▶ _GIVEN RECORDS_
————

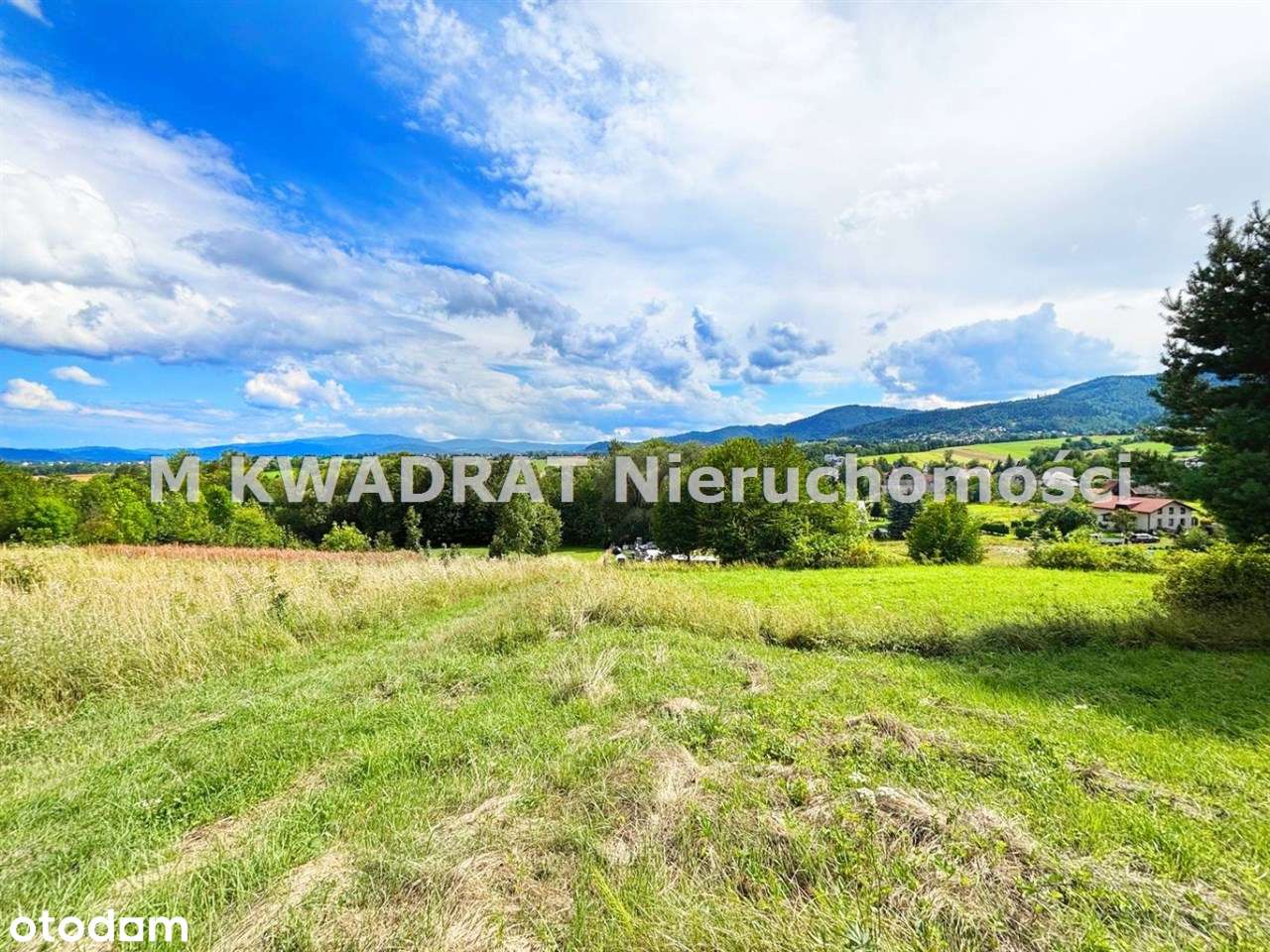 Widokowa Działka! Lipowa! - Pełny obrazek: 4/11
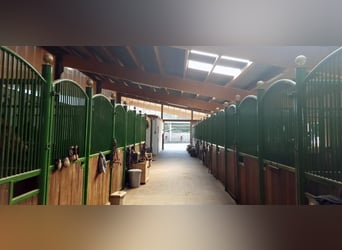 Se alquilan amplios boxes interiores y paddocks.
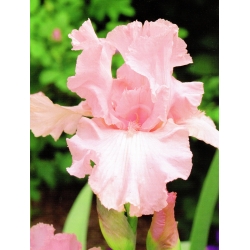 Iris germanica Pink - bebawang / umbi / akar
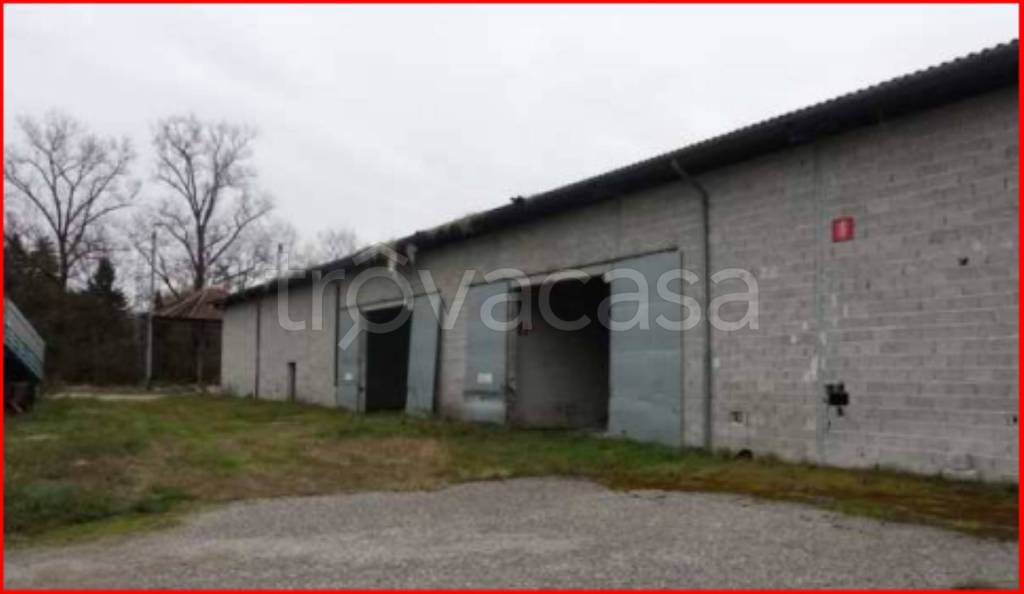 immagine annuncio 2 di 12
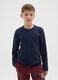 Boys' Blue Cotton Jumper Regular Fit_0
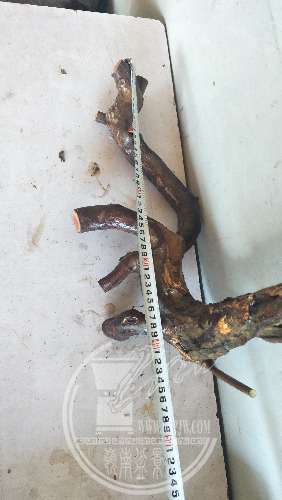 IMG20200226153508.jpg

————

▶ _WORK REQUIRED_
Print the listing exactly, but skip its pictures.

▶ _THE COMPLETED TASK_
 Widokowa Działka! Lipowa! - Pełny obrazek: 4/11
 Se alquilan amplios boxes interiores y paddocks.
 Iris germanica Pink - bebawang / umbi / akar
 immagine annuncio 2 di 12
 Boys' Blue Cotton Jumper Regular Fit_0
 IMG20200226153508.jpg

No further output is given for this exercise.